Rugged Individualism
"Rugged individualism" was a Hoover used often during his presidency to explain the idea that individuals should be able to help themselves without government involvement in personal economic affairs or national economics in general. A libertarian, Hoover's own rugged individualism may have resulted from his frustration with the unprecedented government involvement in the economy during World War I. He emphasized that rugged individualism was not laissez-faire economics, which he denounced.
Herbert Hoover
Hoover addresses a large crowd on the campaign trail in 1932.
Hoover entered office in March 1929 with a plan to reform the nation's regulatory system, holding that a federal bureaucracy should have limited regulation over a country's economic system. A self-described progressive and reformer, Hoover saw the presidency as a vehicle for improving the conditions of all Americans by encouraging public-private cooperation. He termed this relationship as "volunteerism" and considered it preferable to government coercion or intervention, both of which he believed were in opposition to the American ideals of individualism and self-reliance.
Hoover said that "given the chance to go forward with the policies of the last eight years, we shall soon, with the help of God, be in sight of the day when poverty will be banished from this nation." He added that "we in America today are nearer to the final triumph over poverty than ever before in the history of any land." These statements came mere months before the Wall Street Crash of October 29, 1929, which opened a chapter of American history that would redefine an impoverished society.

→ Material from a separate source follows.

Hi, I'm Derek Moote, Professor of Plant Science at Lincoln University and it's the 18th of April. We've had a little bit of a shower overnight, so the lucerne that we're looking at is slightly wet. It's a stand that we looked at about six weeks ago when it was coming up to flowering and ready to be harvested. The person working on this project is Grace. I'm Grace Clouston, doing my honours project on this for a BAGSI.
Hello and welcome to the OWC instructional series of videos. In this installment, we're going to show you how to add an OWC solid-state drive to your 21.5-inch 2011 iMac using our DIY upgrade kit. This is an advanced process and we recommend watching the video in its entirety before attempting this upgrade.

A strong proponent of balanced budgets who was unwilling to run a deficit to fund welfare programs, Hoover carried his idea of rugged individualism into the Great Depression that followed the crash, insisting that the federal government should not interfere with the American people during the economic crisis. Providing large-scale humanitarian efforts, Hoover feared, would injure "the initiative and enterprise of the American people."

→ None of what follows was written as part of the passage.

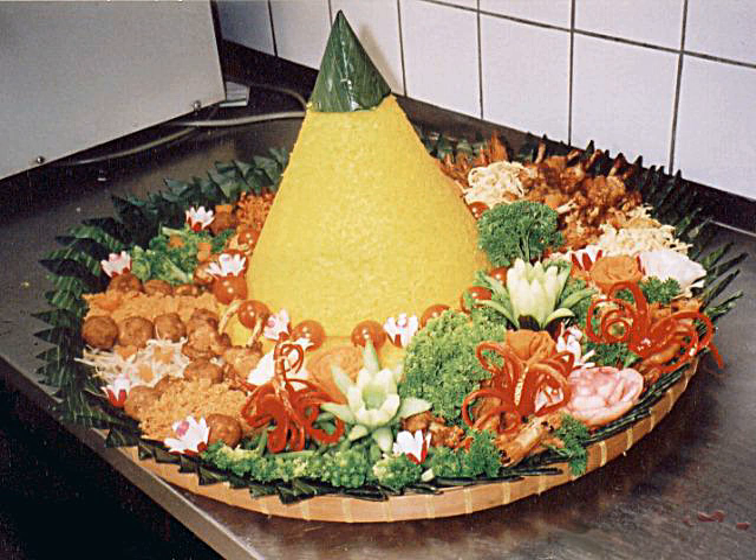The cone-shaped rice is surrounded by assorted Indonesian dishes, such as urap vegetables, ayam goreng (fried chicken), ayam bakar, empal gepuk, semur sapi, sweet soy sauce, teri kacang, fried prawn, telur pindang (boiled marble egg), shredded omelette, tempe goreng, perkedel kentang, perkedel jagung (corn fritters), sambal goreng ati, and many other things.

Yet in spite of his personal, libertarian beliefs, Hoover still pursued policies aimed at pulling the country out of the Depression. Some of his major initiatives, however, were misguided and negatively impacted both the economy and American society.
Mexican Repatriation
In 1929, Hoover authorized a program of Mexican repatriation with the stated intention of combating rampant American unemployment, reducing the burden on municipal aid services, and removing people who were considered usurpers of American jobs. This has been perceived as an attempt by the administration to use immigrants as a scapegoat to divert criticism and regain the support of the U.S. organized labor movement.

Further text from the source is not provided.